(Extracted records)
━━━━━━━━━━━━━━━━━━━━
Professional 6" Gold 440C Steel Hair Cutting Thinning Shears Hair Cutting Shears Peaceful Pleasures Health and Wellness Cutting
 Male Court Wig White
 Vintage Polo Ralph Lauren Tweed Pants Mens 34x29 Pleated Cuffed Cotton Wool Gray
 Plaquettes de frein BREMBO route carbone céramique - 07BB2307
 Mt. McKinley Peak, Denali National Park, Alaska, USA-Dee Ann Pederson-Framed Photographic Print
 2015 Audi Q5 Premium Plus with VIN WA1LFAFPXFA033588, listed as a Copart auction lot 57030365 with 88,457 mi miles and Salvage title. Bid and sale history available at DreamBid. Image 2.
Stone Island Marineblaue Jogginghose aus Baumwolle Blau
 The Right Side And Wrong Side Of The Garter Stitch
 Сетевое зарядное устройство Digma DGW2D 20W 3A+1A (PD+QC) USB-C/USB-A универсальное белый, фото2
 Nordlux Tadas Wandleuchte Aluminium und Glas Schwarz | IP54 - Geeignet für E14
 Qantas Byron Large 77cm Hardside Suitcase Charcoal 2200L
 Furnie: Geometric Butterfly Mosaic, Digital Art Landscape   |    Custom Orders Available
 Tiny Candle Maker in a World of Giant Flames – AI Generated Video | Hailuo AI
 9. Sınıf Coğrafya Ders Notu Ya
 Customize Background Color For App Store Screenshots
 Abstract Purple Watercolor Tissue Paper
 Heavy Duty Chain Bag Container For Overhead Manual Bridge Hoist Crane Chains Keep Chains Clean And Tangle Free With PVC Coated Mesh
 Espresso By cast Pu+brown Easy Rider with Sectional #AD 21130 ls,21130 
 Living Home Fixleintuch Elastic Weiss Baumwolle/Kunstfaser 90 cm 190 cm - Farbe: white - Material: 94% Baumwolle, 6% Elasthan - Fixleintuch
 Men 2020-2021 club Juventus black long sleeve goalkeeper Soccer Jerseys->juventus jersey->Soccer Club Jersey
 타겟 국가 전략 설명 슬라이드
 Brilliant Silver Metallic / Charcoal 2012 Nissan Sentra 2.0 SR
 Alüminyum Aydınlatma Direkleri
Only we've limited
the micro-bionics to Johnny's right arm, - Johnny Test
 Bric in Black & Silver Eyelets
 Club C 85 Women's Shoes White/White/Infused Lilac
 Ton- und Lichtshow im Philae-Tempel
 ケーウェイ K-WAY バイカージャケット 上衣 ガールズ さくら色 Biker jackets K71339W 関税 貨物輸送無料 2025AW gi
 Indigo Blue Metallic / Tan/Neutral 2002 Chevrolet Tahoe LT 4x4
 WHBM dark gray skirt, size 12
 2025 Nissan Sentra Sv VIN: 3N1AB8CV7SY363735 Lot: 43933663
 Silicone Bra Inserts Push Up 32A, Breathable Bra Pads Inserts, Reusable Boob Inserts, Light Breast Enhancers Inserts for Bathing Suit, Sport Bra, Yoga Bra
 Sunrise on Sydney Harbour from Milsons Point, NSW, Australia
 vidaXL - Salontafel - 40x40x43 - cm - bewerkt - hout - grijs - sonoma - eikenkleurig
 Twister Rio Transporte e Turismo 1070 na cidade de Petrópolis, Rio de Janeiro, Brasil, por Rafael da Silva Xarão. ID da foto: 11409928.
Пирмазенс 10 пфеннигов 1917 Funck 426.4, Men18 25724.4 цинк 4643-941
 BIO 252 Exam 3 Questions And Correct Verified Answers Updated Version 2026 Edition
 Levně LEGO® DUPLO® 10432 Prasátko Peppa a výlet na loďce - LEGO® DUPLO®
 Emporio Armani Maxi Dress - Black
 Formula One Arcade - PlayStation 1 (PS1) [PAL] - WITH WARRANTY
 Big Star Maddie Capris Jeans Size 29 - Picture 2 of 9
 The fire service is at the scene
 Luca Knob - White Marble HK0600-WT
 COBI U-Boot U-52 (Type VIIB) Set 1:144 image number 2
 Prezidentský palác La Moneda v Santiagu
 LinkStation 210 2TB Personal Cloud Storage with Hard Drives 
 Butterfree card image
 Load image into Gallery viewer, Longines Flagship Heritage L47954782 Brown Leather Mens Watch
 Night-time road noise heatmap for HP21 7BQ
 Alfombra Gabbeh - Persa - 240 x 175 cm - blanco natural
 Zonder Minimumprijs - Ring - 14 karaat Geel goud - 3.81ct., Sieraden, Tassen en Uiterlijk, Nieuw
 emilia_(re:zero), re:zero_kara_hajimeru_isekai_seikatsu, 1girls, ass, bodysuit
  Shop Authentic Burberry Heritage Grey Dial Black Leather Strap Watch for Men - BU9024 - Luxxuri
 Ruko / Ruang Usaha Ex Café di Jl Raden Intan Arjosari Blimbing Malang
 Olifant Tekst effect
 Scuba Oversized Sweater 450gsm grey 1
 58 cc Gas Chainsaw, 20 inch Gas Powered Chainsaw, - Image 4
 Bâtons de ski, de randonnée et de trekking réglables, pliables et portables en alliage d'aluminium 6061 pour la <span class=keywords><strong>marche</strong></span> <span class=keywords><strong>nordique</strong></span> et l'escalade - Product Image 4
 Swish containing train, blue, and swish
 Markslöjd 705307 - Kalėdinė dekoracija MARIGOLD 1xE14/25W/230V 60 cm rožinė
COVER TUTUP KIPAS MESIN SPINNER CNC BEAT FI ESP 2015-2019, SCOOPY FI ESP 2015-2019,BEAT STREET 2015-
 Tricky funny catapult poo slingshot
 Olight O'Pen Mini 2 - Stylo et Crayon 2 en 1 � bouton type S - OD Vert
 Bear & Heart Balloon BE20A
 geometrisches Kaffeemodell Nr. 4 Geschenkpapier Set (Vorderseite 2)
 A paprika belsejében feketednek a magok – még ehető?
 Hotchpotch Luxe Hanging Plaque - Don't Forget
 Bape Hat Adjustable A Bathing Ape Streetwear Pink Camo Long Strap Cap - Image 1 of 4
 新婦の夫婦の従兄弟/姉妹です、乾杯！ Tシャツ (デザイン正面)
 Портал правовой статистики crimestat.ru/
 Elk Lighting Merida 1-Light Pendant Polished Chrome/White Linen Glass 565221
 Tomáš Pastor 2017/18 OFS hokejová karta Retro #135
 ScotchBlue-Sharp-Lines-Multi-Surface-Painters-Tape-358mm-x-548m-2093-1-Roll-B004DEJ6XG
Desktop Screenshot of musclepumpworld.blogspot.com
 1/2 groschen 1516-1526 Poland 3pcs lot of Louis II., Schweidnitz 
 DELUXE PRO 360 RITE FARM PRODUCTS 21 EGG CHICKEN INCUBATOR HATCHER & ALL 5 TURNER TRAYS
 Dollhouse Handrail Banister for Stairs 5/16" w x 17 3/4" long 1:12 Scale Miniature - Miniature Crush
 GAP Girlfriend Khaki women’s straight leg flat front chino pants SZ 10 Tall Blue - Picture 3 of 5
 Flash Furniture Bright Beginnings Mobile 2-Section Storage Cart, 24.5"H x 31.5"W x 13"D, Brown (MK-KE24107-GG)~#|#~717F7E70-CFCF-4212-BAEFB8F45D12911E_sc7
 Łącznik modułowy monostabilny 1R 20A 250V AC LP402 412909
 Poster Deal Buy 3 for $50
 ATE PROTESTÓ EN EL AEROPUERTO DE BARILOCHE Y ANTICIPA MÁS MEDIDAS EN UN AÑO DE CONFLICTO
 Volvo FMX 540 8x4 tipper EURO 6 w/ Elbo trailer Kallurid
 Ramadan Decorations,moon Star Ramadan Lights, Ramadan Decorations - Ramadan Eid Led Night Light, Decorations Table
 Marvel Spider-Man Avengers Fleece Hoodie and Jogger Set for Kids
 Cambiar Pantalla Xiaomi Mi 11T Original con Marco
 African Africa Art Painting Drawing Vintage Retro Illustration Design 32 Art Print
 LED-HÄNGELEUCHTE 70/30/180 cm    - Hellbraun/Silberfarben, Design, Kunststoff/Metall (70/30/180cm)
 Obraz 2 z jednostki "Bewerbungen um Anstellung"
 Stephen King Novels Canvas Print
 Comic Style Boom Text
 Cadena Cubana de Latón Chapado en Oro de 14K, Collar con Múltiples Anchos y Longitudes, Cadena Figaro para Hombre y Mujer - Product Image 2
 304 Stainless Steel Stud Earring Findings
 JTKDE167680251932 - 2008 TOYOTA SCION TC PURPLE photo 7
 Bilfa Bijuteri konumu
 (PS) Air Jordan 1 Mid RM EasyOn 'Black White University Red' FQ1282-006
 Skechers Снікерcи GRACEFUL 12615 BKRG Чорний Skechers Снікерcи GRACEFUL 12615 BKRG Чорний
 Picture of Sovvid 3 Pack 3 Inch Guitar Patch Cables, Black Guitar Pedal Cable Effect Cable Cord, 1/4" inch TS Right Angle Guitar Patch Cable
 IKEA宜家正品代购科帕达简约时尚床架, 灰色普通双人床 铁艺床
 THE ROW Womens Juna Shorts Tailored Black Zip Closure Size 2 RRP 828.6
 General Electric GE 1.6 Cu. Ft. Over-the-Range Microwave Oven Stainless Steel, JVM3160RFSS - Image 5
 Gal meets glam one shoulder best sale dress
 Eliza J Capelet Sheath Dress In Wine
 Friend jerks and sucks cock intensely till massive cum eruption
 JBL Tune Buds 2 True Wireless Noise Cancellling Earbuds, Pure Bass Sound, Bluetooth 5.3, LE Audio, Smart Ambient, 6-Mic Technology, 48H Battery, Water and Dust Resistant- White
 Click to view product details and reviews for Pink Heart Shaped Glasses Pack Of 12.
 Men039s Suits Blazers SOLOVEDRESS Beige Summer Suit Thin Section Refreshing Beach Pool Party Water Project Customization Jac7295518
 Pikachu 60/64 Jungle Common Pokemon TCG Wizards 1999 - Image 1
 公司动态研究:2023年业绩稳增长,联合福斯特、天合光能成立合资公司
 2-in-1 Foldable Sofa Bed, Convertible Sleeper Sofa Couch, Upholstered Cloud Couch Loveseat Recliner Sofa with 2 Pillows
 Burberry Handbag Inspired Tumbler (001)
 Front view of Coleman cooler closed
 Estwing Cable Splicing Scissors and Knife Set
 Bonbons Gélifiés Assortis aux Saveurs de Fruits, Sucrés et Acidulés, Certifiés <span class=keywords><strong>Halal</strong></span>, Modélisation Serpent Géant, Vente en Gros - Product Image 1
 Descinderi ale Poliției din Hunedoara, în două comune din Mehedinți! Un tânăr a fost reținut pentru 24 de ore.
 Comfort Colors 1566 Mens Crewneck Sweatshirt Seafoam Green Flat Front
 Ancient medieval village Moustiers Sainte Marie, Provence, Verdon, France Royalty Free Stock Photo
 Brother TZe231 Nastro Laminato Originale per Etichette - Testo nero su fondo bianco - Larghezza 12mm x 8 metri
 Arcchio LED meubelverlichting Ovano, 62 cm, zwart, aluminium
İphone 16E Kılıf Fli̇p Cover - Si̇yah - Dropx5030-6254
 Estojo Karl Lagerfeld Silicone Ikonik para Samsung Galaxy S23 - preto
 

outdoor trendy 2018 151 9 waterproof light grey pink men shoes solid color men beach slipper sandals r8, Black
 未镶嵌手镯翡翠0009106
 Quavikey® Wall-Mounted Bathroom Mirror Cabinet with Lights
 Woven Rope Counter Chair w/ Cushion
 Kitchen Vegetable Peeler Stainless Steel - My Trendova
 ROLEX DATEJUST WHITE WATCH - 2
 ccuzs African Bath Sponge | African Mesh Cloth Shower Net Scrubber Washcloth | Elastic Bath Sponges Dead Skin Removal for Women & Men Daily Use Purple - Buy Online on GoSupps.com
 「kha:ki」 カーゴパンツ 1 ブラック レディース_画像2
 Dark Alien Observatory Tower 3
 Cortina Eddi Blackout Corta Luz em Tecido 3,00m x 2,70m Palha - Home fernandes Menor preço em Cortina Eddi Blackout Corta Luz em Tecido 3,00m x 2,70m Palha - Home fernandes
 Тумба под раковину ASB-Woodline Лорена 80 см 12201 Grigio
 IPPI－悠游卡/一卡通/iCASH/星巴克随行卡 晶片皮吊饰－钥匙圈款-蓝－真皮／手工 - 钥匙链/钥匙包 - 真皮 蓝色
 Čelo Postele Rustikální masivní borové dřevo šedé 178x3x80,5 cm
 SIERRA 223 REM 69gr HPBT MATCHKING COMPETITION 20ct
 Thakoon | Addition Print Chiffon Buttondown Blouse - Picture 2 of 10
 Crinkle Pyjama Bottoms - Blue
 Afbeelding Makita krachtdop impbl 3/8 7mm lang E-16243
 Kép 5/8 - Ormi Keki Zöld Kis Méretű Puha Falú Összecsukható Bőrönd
━━━━━━━━━━━━━━━━━━━━
EXERCISE BRIEF ▸
An exact copy of the lines above between the line holding "Emporio Armani Maxi Dress - Black" and the line holding "Prezidentský palác La Moneda v Santiagu", inclusive, is the whole answer.

RESULT OF THIS EXERCISE ▸
 Emporio Armani Maxi Dress - Black
 Formula One Arcade - PlayStation 1 (PS1) [PAL] - WITH WARRANTY
 Big Star Maddie Capris Jeans Size 29 - Picture 2 of 9
 The fire service is at the scene
 Luca Knob - White Marble HK0600-WT
 COBI U-Boot U-52 (Type VIIB) Set 1:144 image number 2
 Prezidentský palác La Moneda v Santiagu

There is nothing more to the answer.